She shrugged. “Sure. A seed is like a ready-made sample. A representative cross-section of the whole ecosystem, all you need to start to a viable Symbiont colony. It’d save a lot of work to steal one of those.”
“I see.” I went closer to the window. In the crater beyond, some Neelee were moving about in suits among the seed canons. One prodded at one of the canons, and it suddenly spasmed.
“What’s that?” I asked, pointing.
“That Neelee, it touched the canon, and it looked like… it contracted.”
“It tried to fire. We’re studying the cannons right now. They are, like I said, on autopilot. The canons naturally build up pressure inside, and then when it reaches a threshold they fire and shoot a seed. But, if you press on them, and compress the gas inside, you sometimes make them fire prematurely by squeezing the internal pressure higher.
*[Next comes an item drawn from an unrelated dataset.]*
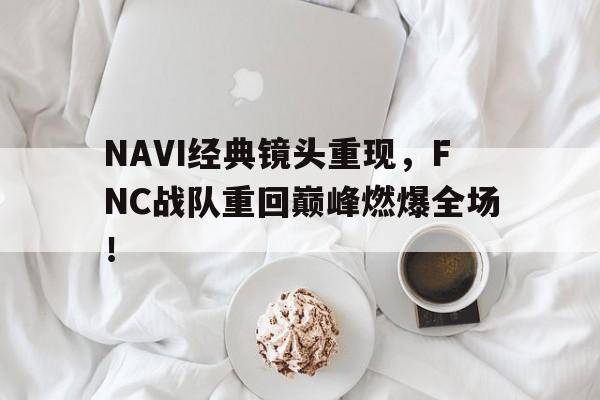乐鱼网站-NAVI经典镜头重现，FNC战队重回巅峰燃爆全场！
And some do contain sterile seeds. That would have launched one if we
hadn’t been prodding it all week.”
“What’s in a sterile seed?”
“Nothing. It’s just the machines, no organics. It’s like a metallic foam. Mostly empty space.”
“Sure. Come see me again if you have any questions.”
“I will.” I smiled at her. “I don’t mean to be abrupt. It’s just… you’ve given me an idea. There are logs somewhere, of the seed
She gave me instructions on how to find the files. I thanked her, we made plans for dinner — I was looking forward to showing off Bria to my fellow human — and then I went to do a little data mining.
But I didn’t have enough time to consider what I’d learned. Bria called me while I was pacing the hall, thinking through the puzzle of
the disappearing seed.
“Another seed has launched. Come.”
We suited and got into the ship fast — it was a thing we had trained to do. Within a few minutes we were kicking off the asteroid. Then Bria set course as I got a radar fix on the seed pod.
“Wait. Wait Bria. Listen to me. I think….” But Bria was on the hunt. She leaned over the console, not listening.
“I think we should head in the opposite direction. We should follow the trajectory of the seed back to the asteroid it launched from.”
She finally looked at me. “Why? The last seed was intercepted.”
“No, no, I don’t think it was.”
She closed her black eyes. That expression again.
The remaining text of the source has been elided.